Engaging our students is one of the big topics around the teachers’ lounges right now, or at least the virtual teachers’ lounges.
Sometimes it’s presented in terms of educational trends of the future: our students are plugged in multitaskers, and we can’t expect them to sit still and pay attention without lots of multisensory input, preferably electronic.
Sometimes it’s presented in a curmudgeonly style, with the author wagging his whiskers (or hers — these are metaphorical whiskers) and moaning that today’s students just don’t have the attention span that students used to have, and that what we need is discipline, not more bells and whistles.
This topic is personal for me right now. I’m putting up my online course for the year. The average online course is, as you may know, dull to the point of near torture, and I’m determined to make mine better. In fact, more engaging.
My online course is more colorful than most. Not because I believe that flashiness is always more engaging, but because I think it says, “Hey, we’re going to have fun! It’s worth paying attention! Don’t be sad about having to take this class!”
That’s the same reason we decorate our rooms and smile at our students when they arrive in the classroom, right?
I’m being challenged by the difficulty of making things engaging at a distance. The first day of my face to face class, I’m going to give them an exotic candy to experience and write about and then help them learn to provide peer feedback for one another’s in-class paragraphs. How can I replicate the multisensory hands-on nature of that lesson for people alone before their screens?
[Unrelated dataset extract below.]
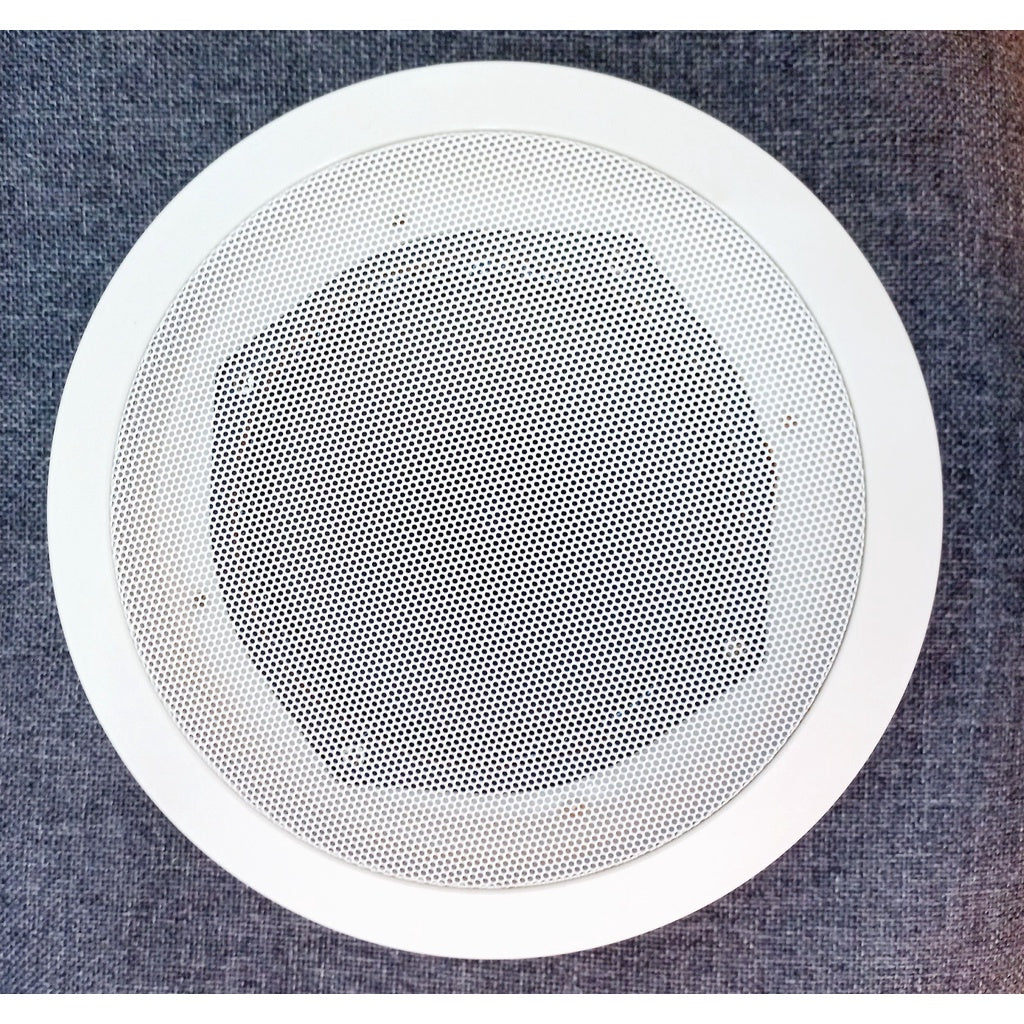 Crown HF-602C Ceiling Speaker 6 Inches 20Watts 8 Ohms Extended Range Original HF602C HF 602C HF602-C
But the problem of engaging students is always about distance, I think.
Their distance from us. Their distance from the topic. The distance between what we’d like to be teaching and what we have to teach because it’s on the test. The distance between knowing how to add and having the multiplication tables memorized.
When we try to capture their attention across that distance, we often rely on entertaining them rather than engaging them. Worse, we sometimes rely on bribing them or bullying them into paying attention, or at least into pretending to do so. Don’t forget, people who are given extrinsic rewards for doing something quickly decided that it must not have any intrinsic rewards, or we wouldn’t be offering them bribes to do it. That’s one way we’ve managed to bring up a cadre of people who never read for pleasure.
I’m not against entertainment, by any means. If you can learn something in a fun way, you might as well. One of my kids had a third grade teacher who complained that she wouldn’t work hard on dull classwork. “Most adults spend their lives doing boring things,” this teacher explained, possibly noticing my lack of enthusiasm for dull classwork.
I didn’t bring my kids up to spend their lives doing boring things. And since I know people who are sincerely excited about soil, cooking, math, books, grammar, childcare, fish, and computers, I think I can say with certainty that adults really don’t have to spend their lives doing boring things, if they choose to do engaging things instead. There are enough things around that each of us can find something that excites us, even if it doesn’t excite anyone else. We might as well encourage that excitement in our students.
But working hard to accomplish something difficult and worthwhile is part of the excitement. Striving together to improve something is exciting. Overcoming obstacles and achieving things is exciting. For us, and for our students. Who aren’t really all that different from us.
Lessons are engaging when students are doing something.
Thinking, for example. Solving problems. Figuring things out. Learning new things. Making things. Discovering things. Using information in new ways. Charting a path from here to there — even if “there” is memorizing the multiplication tables.
The new year is a good time to think about how we can make our classes engaging for our students and for ourselves.